Prospects for accountability in Mali
Amid much fanfare jihadist Ahmed Al Faqi Al Mahdi, in August became the first Malian to stand trial at The Hague-based ICC. Because he pled guilty, there wasn’t much of a procedure, lasting a bare three days. The judges will announce their decision later this month on whether he can indeed be found guilty of destroying a range of cultural monuments in the dusty, far northern city of Timbuktu, during the period when two Islamic groups, Ansareddine and al Qaeda in the Maghreb (AQIM) occupied the town and much of the north of the country.

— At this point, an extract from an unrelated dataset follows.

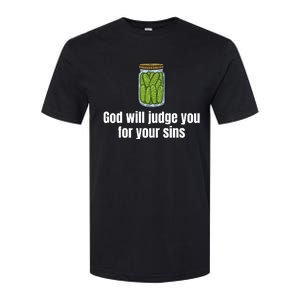 God Will Judge You For Your Sins Cucumber Softstyle CVC T-Shirt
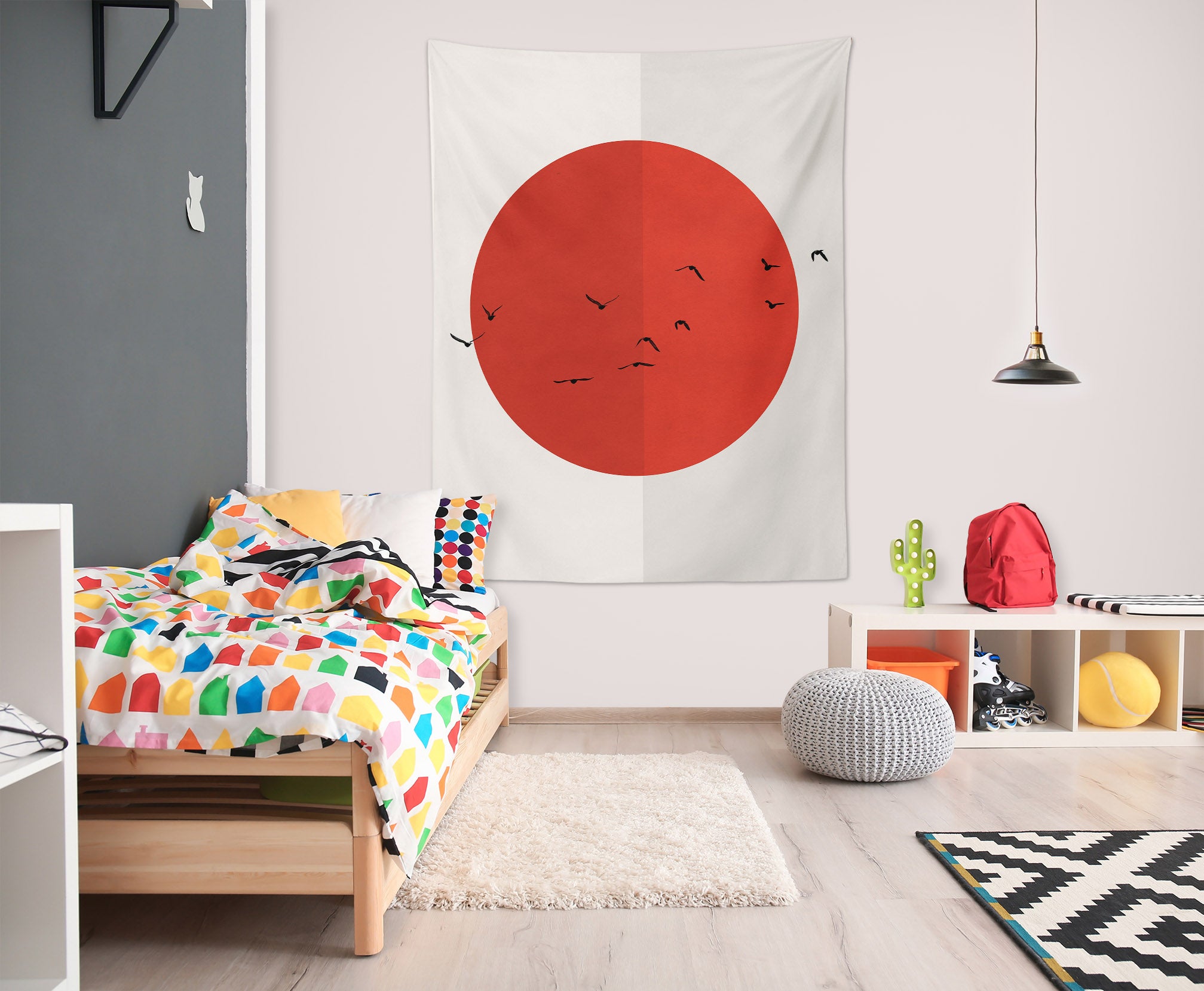 3D Sun Bird 5288 Boris Draschoff Tapestry Hanging Cloth Hang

His confession raises the prospect of those most responsible for serious crimes in Mali being brought to justice if he continues to cooperate with ICC prosecutors. However, away from The Hague, experts suggest that further prosecutions of for crimes during Mali's resurgent 2012 conflict in the country itself are far off.
Even though relative peace has returned to that area of the Sahel, and a peace accord was signed with the Islamists a year ago, Mali is still an unstable state. Attacks are reported on a regular basis in the central part of the country. And according to Bamako-based justice expert Oliver Kambala wa Kambala, transitional justice is not high on the political agenda: there’s “a lack of political will,” he says “to move ahead on accountability – both criminal and non-criminal – for the crimes committed during the conflict since January 2012”.